[Source data]
────────

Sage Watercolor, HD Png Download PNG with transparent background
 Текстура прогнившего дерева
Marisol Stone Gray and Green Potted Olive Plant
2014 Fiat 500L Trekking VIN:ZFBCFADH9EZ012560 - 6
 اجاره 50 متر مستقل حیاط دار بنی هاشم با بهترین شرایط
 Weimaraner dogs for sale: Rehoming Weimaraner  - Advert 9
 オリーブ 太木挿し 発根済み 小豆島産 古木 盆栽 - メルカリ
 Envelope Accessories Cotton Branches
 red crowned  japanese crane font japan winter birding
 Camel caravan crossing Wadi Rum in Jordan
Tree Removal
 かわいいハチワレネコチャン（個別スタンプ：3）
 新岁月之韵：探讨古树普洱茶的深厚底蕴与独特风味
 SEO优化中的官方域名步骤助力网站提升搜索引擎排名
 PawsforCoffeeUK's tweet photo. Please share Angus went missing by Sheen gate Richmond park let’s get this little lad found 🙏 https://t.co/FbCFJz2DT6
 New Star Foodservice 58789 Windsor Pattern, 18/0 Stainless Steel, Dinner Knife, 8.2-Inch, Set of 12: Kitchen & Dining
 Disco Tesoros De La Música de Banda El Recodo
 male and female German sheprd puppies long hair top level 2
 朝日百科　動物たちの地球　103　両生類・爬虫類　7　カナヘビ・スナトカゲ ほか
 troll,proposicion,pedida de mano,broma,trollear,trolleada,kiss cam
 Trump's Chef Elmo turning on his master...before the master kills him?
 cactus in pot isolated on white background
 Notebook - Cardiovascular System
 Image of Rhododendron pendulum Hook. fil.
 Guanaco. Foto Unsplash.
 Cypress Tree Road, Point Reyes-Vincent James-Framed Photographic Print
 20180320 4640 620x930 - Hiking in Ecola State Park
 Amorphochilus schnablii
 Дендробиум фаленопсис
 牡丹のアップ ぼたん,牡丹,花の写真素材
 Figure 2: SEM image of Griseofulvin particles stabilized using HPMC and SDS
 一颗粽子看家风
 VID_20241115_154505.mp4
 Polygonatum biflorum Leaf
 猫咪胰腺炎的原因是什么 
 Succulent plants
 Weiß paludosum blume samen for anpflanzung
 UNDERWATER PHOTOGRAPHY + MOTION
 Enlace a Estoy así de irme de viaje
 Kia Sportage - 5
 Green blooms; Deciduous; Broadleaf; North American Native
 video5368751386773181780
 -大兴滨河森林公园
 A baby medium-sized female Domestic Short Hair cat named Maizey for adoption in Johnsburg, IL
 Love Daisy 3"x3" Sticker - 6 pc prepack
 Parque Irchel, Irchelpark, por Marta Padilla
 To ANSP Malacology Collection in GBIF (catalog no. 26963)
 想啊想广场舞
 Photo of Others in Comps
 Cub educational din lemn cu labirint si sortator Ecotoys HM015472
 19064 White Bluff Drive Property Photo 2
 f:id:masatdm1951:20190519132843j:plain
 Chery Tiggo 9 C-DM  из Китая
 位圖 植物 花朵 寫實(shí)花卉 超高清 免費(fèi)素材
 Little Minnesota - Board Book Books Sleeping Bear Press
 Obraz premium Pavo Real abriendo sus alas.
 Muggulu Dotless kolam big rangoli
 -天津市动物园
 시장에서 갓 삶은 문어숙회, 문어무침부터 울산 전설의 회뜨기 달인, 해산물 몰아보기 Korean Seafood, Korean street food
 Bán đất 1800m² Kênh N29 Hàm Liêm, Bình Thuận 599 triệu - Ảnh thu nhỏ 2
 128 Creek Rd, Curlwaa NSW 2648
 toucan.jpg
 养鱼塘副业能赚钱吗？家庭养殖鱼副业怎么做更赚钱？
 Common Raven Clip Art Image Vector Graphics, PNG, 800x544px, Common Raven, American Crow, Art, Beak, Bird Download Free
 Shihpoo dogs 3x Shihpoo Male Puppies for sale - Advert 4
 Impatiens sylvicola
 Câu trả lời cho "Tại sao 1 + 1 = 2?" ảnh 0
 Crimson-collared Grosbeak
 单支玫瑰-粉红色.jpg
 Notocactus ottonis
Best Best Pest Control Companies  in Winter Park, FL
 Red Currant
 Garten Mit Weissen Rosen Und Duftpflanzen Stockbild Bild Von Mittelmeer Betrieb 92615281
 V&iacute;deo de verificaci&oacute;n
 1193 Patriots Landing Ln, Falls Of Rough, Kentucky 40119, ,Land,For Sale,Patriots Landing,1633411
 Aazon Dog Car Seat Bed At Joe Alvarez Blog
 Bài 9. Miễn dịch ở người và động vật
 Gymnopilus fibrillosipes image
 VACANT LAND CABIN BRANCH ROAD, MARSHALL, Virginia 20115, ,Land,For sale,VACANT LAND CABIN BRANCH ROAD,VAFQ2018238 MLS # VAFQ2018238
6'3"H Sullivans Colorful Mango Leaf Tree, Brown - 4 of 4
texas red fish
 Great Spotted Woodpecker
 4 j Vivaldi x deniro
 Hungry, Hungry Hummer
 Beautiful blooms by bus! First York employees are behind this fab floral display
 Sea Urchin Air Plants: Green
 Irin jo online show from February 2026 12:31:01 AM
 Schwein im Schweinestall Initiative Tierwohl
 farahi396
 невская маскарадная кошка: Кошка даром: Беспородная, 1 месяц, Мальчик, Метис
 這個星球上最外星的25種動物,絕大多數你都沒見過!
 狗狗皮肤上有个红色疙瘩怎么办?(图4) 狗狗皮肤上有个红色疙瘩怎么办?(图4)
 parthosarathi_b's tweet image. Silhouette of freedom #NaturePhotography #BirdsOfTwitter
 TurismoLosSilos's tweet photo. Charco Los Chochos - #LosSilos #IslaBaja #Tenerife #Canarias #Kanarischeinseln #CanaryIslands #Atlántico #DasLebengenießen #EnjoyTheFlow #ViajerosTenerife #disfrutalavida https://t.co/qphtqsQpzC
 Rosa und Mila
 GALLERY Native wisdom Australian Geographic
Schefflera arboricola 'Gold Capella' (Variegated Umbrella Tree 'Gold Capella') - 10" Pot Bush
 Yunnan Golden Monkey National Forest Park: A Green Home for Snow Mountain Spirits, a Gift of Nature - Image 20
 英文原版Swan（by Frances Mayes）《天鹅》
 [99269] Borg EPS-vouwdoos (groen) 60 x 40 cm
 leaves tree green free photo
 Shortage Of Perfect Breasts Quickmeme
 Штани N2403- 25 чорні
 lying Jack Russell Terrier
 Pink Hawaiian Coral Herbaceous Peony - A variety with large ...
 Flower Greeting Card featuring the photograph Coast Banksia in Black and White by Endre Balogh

────────

Find all lines in the records that hold the word "Download". Copy them.

> Solution to this exercise
Sage Watercolor, HD Png Download PNG with transparent background
 Common Raven Clip Art Image Vector Graphics, PNG, 800x544px, Common Raven, American Crow, Art, Beak, Bird Download Free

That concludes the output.